Brief:
Would you please print exactly the lines that run from the one with "Sistersaurus Dinosaur T" to the last line of the data, both included, without any pictures?
*** Opening Provided entries ***
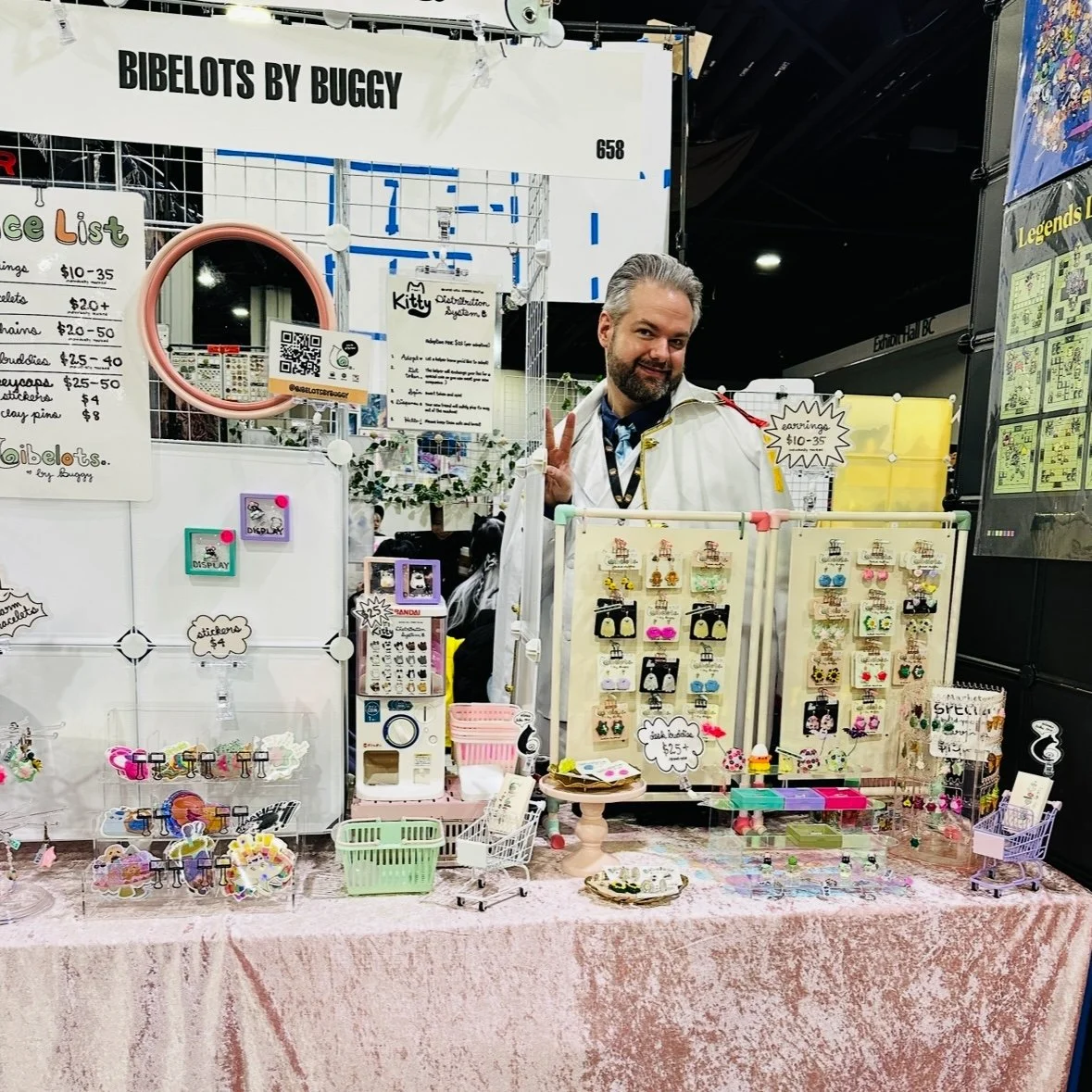 AWA (Anime Weekend Atlanta) Table Display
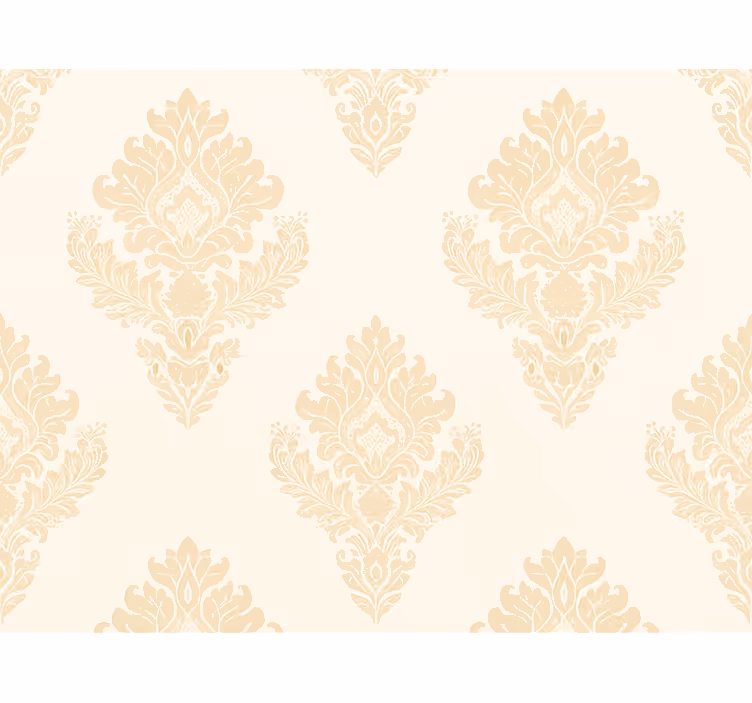 Tapeta do ložnice klasická béžová damask - TenStickers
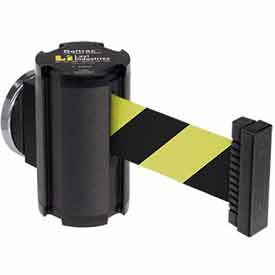 Lavi Industries 50-3010MG-WB-SF Magnetic Wall Mount Unit, 7 ft. Retractable Belt Extension - Wrinkle Black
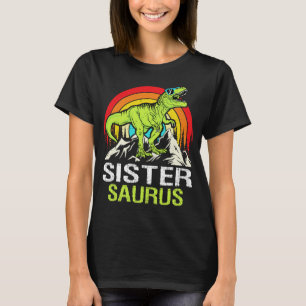 Sistersaurus Dinosaur T Rex Zuster Saurus Matching T-shirt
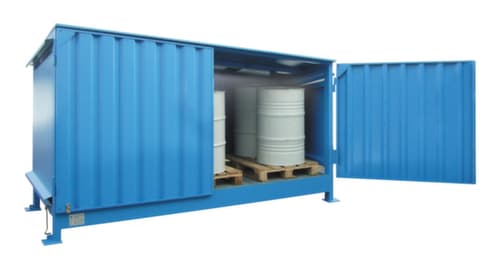 Lacont Gefahrstoff-Regalcontainer für maximal 60 200-Liter-Fässer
*** Closing Provided entries ***
Written response:
 Sistersaurus Dinosaur T Rex Zuster Saurus Matching T-shirt
 Lacont Gefahrstoff-Regalcontainer für maximal 60 200-Liter-Fässer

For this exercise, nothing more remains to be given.